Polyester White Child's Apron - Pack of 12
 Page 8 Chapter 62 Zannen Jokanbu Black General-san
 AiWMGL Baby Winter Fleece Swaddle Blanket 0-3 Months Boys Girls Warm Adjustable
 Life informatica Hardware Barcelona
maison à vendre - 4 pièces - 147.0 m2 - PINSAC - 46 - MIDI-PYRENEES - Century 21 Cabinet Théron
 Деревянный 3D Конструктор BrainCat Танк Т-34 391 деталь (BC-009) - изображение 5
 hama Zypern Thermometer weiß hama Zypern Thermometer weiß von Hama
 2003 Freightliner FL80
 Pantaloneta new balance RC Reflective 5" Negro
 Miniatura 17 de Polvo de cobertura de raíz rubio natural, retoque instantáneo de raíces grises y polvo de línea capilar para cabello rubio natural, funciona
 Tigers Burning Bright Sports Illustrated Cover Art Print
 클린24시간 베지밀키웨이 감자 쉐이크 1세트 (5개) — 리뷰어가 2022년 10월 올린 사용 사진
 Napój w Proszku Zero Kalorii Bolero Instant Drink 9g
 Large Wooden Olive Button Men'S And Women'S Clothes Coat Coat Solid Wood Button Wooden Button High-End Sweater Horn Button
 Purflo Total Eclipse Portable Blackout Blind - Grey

### EXERCISE OBJECTIVE
The entries need to be set down again in full, with no word changed.

### COMPLETED TASK
Polyester White Child's Apron - Pack of 12
 Page 8 Chapter 62 Zannen Jokanbu Black General-san
 AiWMGL Baby Winter Fleece Swaddle Blanket 0-3 Months Boys Girls Warm Adjustable
 Life informatica Hardware Barcelona
maison à vendre - 4 pièces - 147.0 m2 - PINSAC - 46 - MIDI-PYRENEES - Century 21 Cabinet Théron
 Деревянный 3D Конструктор BrainCat Танк Т-34 391 деталь (BC-009) - изображение 5
 hama Zypern Thermometer weiß hama Zypern Thermometer weiß von Hama
 2003 Freightliner FL80
 Pantaloneta new balance RC Reflective 5" Negro
 Miniatura 17 de Polvo de cobertura de raíz rubio natural, retoque instantáneo de raíces grises y polvo de línea capilar para cabello rubio natural, funciona
 Tigers Burning Bright Sports Illustrated Cover Art Print
 클린24시간 베지밀키웨이 감자 쉐이크 1세트 (5개) — 리뷰어가 2022년 10월 올린 사용 사진
 Napój w Proszku Zero Kalorii Bolero Instant Drink 9g
 Large Wooden Olive Button Men'S And Women'S Clothes Coat Coat Solid Wood Button Wooden Button High-End Sweater Horn Button
 Purflo Total Eclipse Portable Blackout Blind - Grey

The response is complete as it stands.